» How to complete this task
Down to the last line below, repeat the entries word for word and drop the pictures.

[Brief descriptive captions]

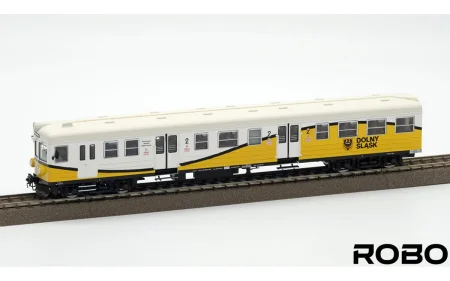 400710de-en57-856-dolny-slask-st-wroclaw-gl-model-z-oswietleniem-wnetrza-i-dekoderem-dzwieku-esu (4).jpg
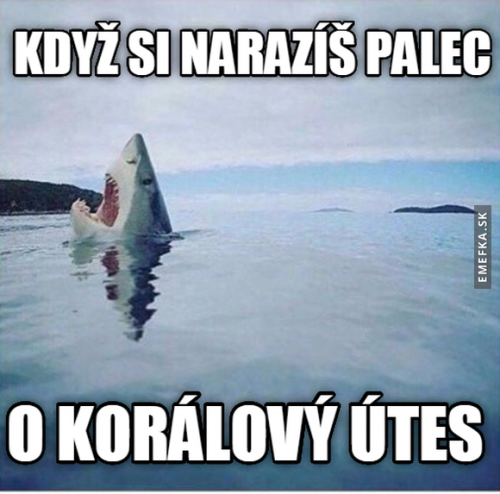 Ooops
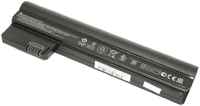 OEM Аккумулятор для ноутбука HP Compaq Mini 110-3000 HSTNN-CB1U 55Wh Black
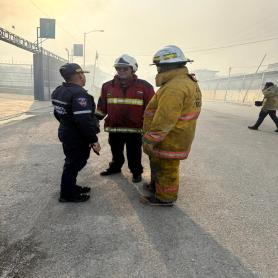 Imagen descriptiva 1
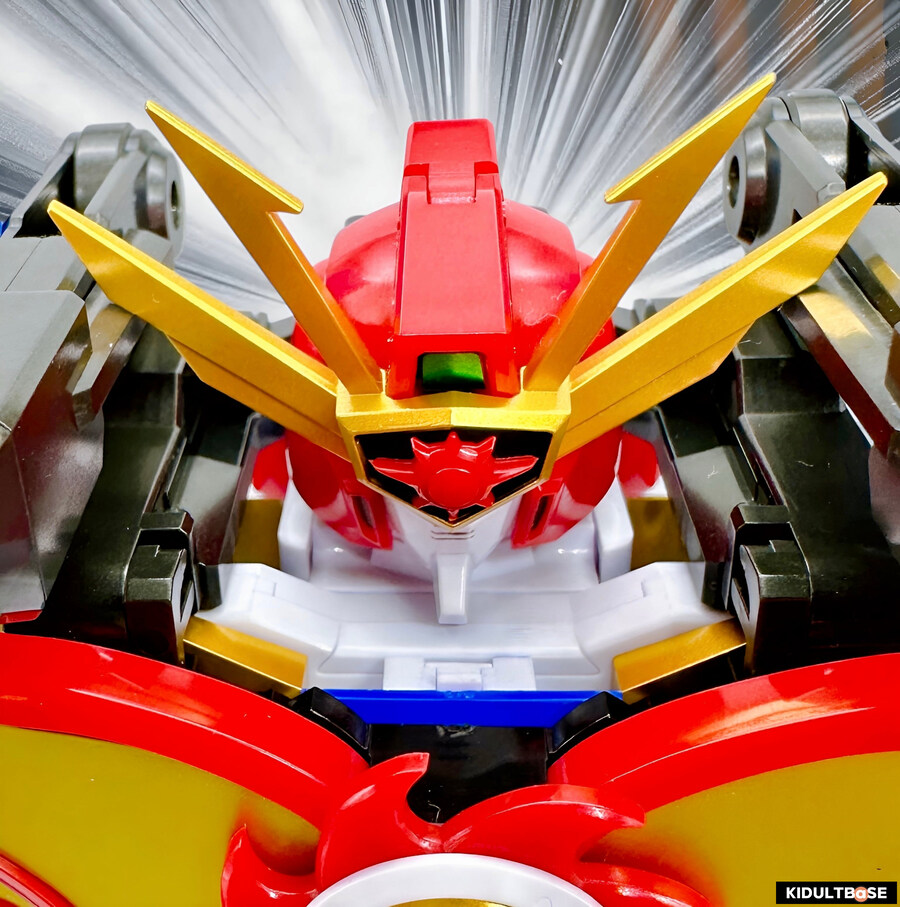 더합체 연출 무장합체 파이버드!_42.jpg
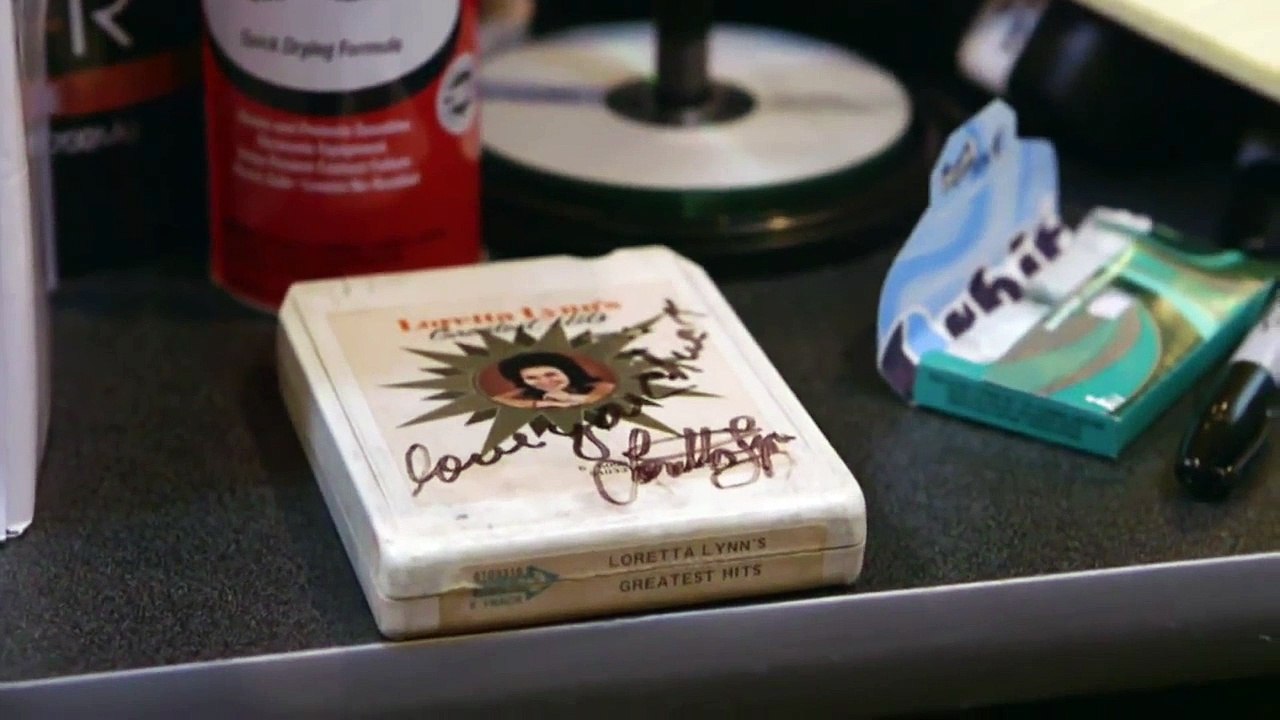 Doug Seegers ft. Jill Johnson & Magnus Carlson - Going Down to the River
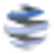 Regent Pacific Properties Inc. logo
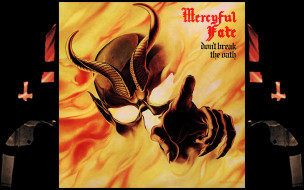 mercyful-fate     1920x1200 mercyful-fate, , mercyful fate, 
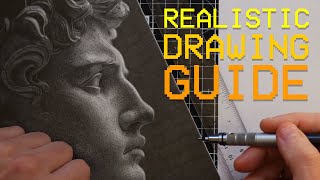 ALL ABOUT Realistic Drawing - What You Need To Know...
Lets talk a LOT about realistic drawing...
SUPPORT THE CHANNEL -
www.patreon.com/danbeardshaw
SIGN UP TO THE DRAWING BOARD -
(my email newsletter) - https://danbeardshaw.kit.com/d69d99829c
FIND ALL OF MY EQUIPMENT & RESOURCES HERE -
https://kit.co/DanBeardshaw
FOLLOW ME HERE:
Instagram - https://www.instagram.com/danbeardshaw
MUSIC -
Wistful Harp - Andrew Huang ALL ABOUT Realistic Drawing - What You Need To Know...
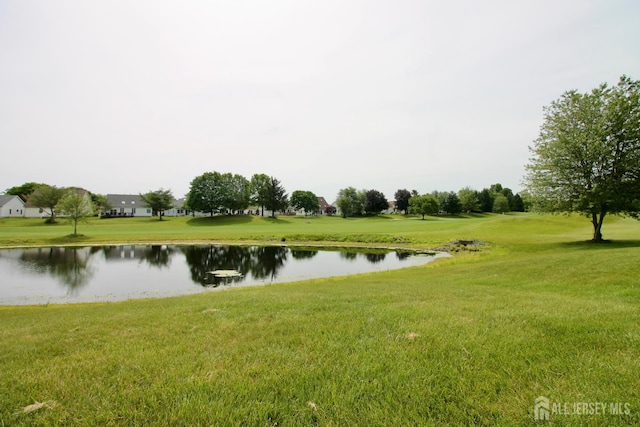 124 Chichester Rd, Monroe, NJ 08831 - water view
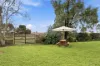 4 Hammond Court, Traralgon, Vic 3844-Image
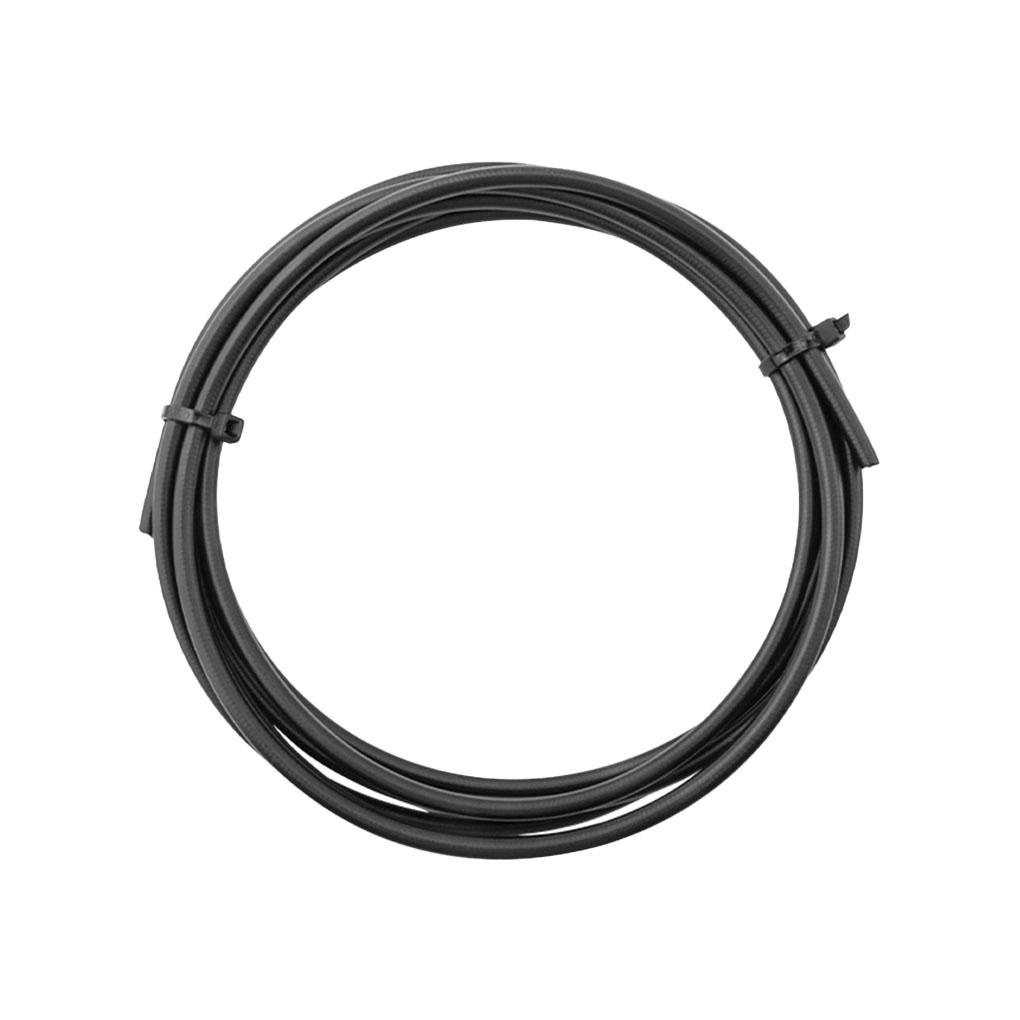 Ống Nối Dây Phanh Thủy Lực Chịu Nhiệt Độ Cao Cho Xe Đạp MTB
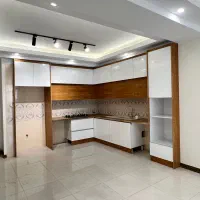 102متر-نوساز-کلید-نخورده-فول-امکانات-2000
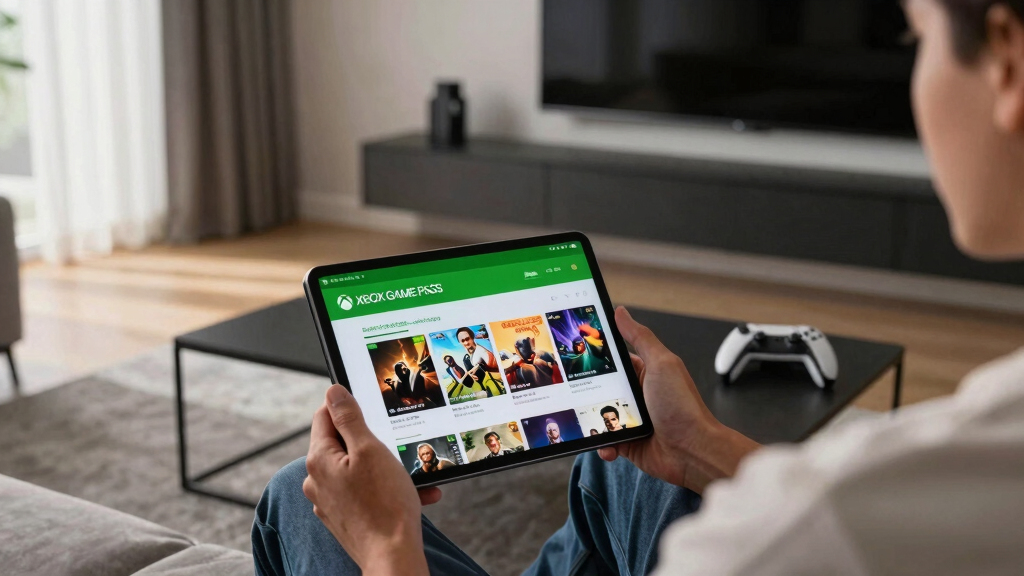 Xbox Game Pass: All Games Coming Soon In July 2026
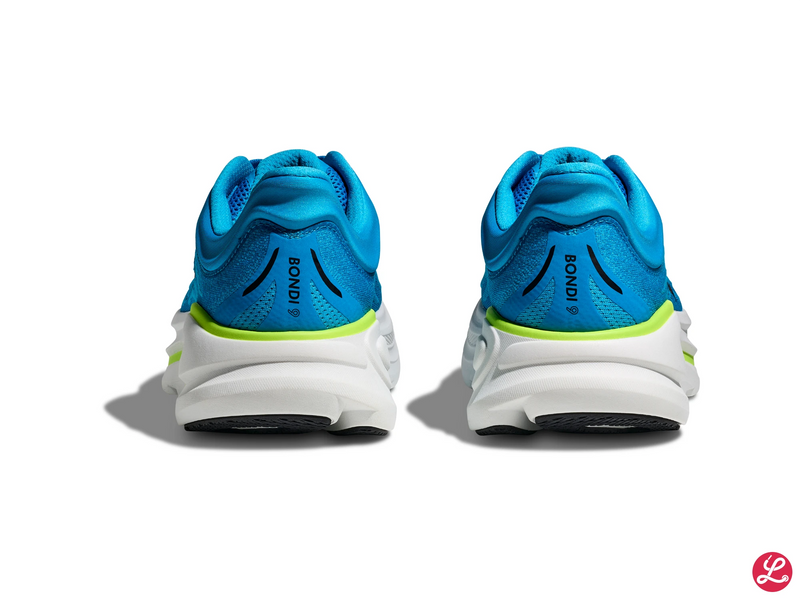 Laden Sie das Bild in Galerie -Viewer, {Bondi 9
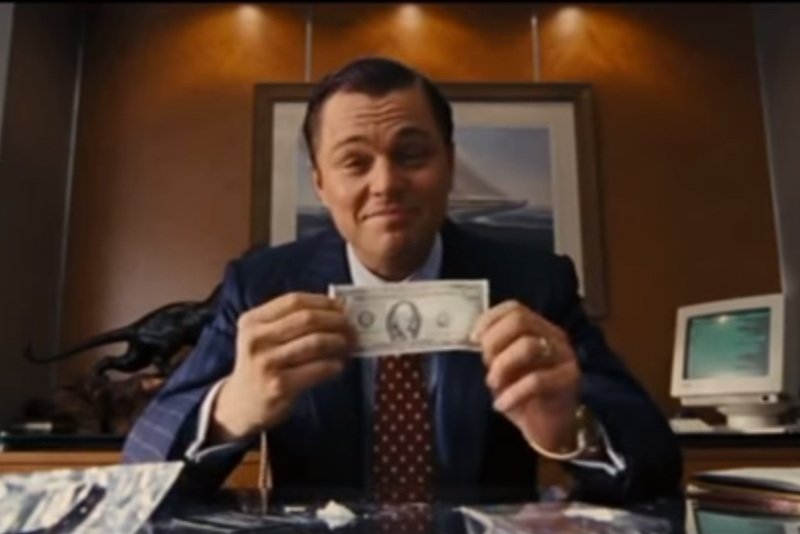 Pytanie od razu o wysokość zarobków czy oczernianie byłego szefa na rozmowie kwalifikacyjnej to nie najlepszy pomysł na zdobycie pracy.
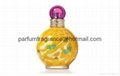 Female Perfume Fantasy Women Fragrance Long Lasting Smell 5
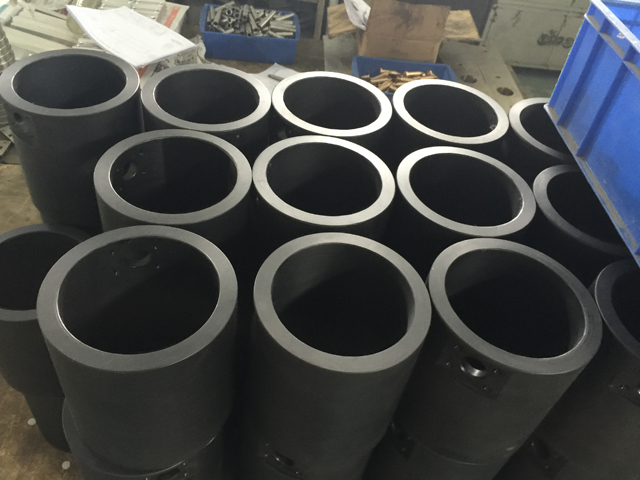 калъп за различни размери буркани.jpg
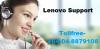 Photo for Lenovo Support New Zealand +64-04-8879108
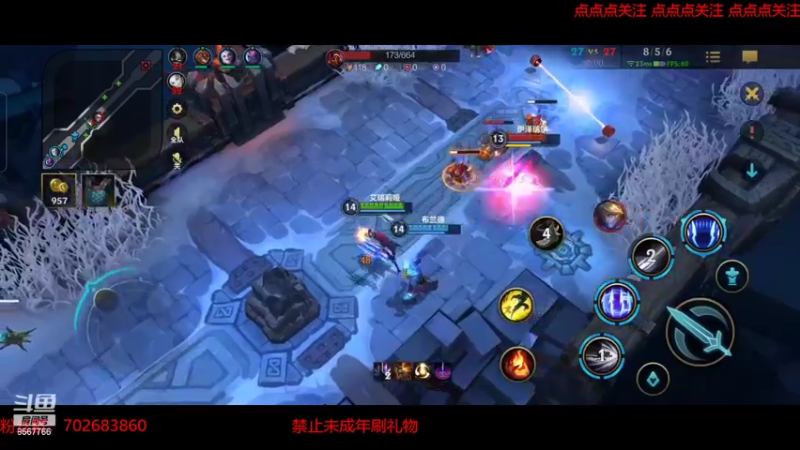 【2022-09-07 15点场】我是瓜瓜君啊：瓜瓜;专业躺胜~~上班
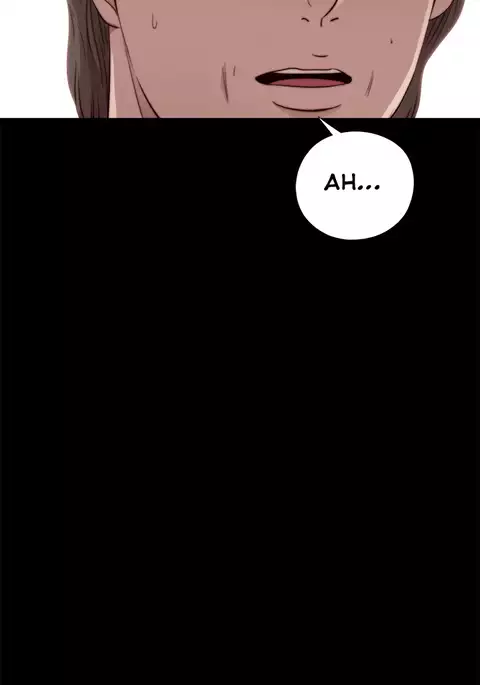 Girl Next Door Ch.1-34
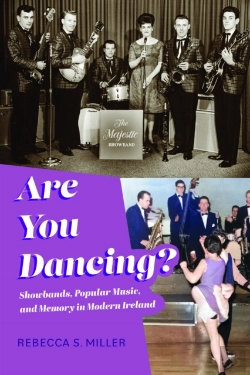 Bertrand.pt - Are You Dancing?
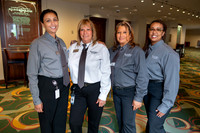 Secuirty Promo_09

» Response for this exercise
 400710de-en57-856-dolny-slask-st-wroclaw-gl-model-z-oswietleniem-wnetrza-i-dekoderem-dzwieku-esu (4).jpg
 Ooops
 OEM Аккумулятор для ноутбука HP Compaq Mini 110-3000 HSTNN-CB1U 55Wh Black
 Imagen descriptiva 1
 더합체 연출 무장합체 파이버드!_42.jpg
 Doug Seegers ft. Jill Johnson & Magnus Carlson - Going Down to the River
 Regent Pacific Properties Inc. logo
 mercyful-fate     1920x1200 mercyful-fate, , mercyful fate, 
 ALL ABOUT Realistic Drawing - What You Need To Know...
Lets talk a LOT about realistic drawing...
SUPPORT THE CHANNEL -
www.patreon.com/danbeardshaw
SIGN UP TO THE DRAWING BOARD -
(my email newsletter) - https://danbeardshaw.kit.com/d69d99829c
FIND ALL OF MY EQUIPMENT & RESOURCES HERE -
https://kit.co/DanBeardshaw
FOLLOW ME HERE:
Instagram - https://www.instagram.com/danbeardshaw
MUSIC -
Wistful Harp - Andrew Huang ALL ABOUT Realistic Drawing - What You Need To Know...
 124 Chichester Rd, Monroe, NJ 08831 - water view
 4 Hammond Court, Traralgon, Vic 3844-Image
 Ống Nối Dây Phanh Thủy Lực Chịu Nhiệt Độ Cao Cho Xe Đạp MTB
 102متر-نوساز-کلید-نخورده-فول-امکانات-2000
 Xbox Game Pass: All Games Coming Soon In July 2026
 Laden Sie das Bild in Galerie -Viewer, {Bondi 9
 Pytanie od razu o wysokość zarobków czy oczernianie byłego szefa na rozmowie kwalifikacyjnej to nie najlepszy pomysł na zdobycie pracy.
 Female Perfume Fantasy Women Fragrance Long Lasting Smell 5
 калъп за различни размери буркани.jpg
 Photo for Lenovo Support New Zealand +64-04-8879108
 【2022-09-07 15点场】我是瓜瓜君啊：瓜瓜;专业躺胜~~上班
 Girl Next Door Ch.1-34
 Bertrand.pt - Are You Dancing?
 Secuirty Promo_09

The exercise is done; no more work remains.